Take a look around for a Scottish or English pub in your area, some of them will have samplings once or twice a year (a local one brings in Michael Jackson – not the gloved one), or a local liquor store that carries a good selection of Scotch (around Christmas some do tastings to help move high end product)

That's probably the best was to see if you like peat or smoke or salt varieties, see if you like it neat or with something added, before buying a bottle


----------



## whodat1 (Sep 7, 2005)

Brodie said:


> My favorite blend is Famous Grouse. They use high quality malts from the likes of Macallan and Highland Park in their whiskies.


This is a really good blended scotch that has been around for a long time. If a bar doesn't have any malts (and yes, there are bars that don't), then I usually go for the Famous Grouse.

Saturday nights is my MacAllen 12y and '64 PAM's. Two things that go great together!


----------



## simplechords (Aug 13, 2006)

Thanks for all the advice, i'm gonna go shopping tonight!!


----------



## burninator (Jul 11, 2006)

I cut my teeth on The Dalmore. It's a cheap single malt, not too harsh, plenty sweet. Can't go wrong.


----------



## ky toker (Jun 2, 2005)

mosesbotbol said:


> JW Black is the best selling scotch for a reason... Buy it in the 1.5 and it's a deal. JW Black is the easiest drinking, most likeable to the most people scotch out there.
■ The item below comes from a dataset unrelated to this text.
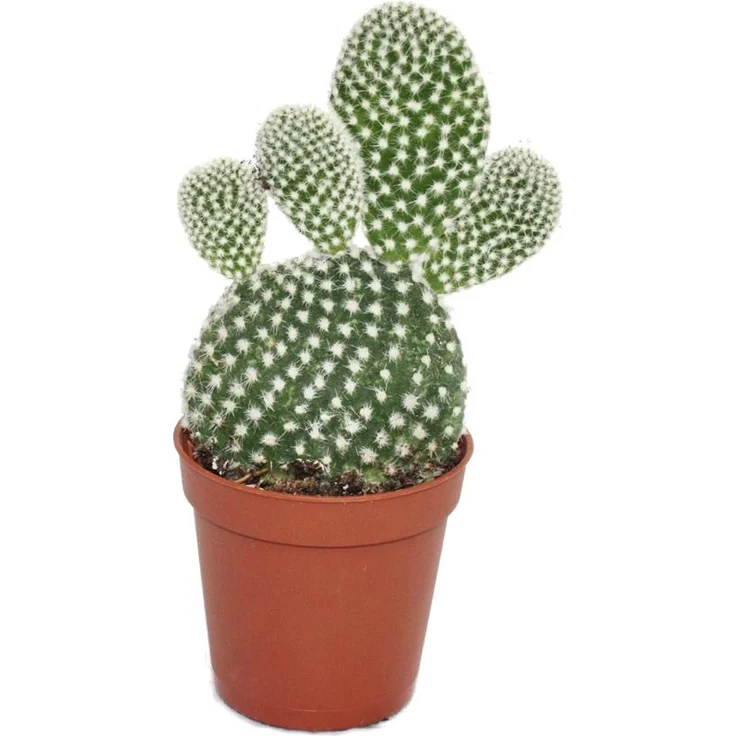 Exotenherz Opuntia Microdasys Albata, Weisstachliger Ohrenkaktus im 5,5cm Topf, ca. 8-10cm hoch, pflegeleichte Zimmerpflanze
I tried my 1st scotch a few years ago I believe, JWB, and it wasn't bad while afters just did not work for me. So based off of your many comments about JW Black being a good start point for getting into scotch I bought a bottle sometime in 2007 and came to find that it just wasn't hitting my taste buds in the right way. Well, this weekend I opened the bottle back up and put a proper hurting on it. This may be a bottle I need to keep on hand for those moments I have a craving for something different. Thanks for the adive.:tu


----------



## RPB67 (Mar 26, 2005)

Scotch.

Johnny Walker Black is one of my staples,every place usually has it.

Mac 12 or 18 is one of my favorites, pricey when out. But one of my favorites.


----------



## wallyevs012 (Apr 3, 2008)

RPB67 said:


> Scotch.
> 
> Johnny Walker Black is one of my staples,every place usually has it.
> 
> Mac 12 or 18 is one of my favorites, pricey when out. But one of my favorites.


You are absolutely right!!! JWB is what I have been drinking for years and I tried them all!!! At least those up to 60.00 a fifth...Great stuff with a stick, unless you got some Napolian Brandy..


----------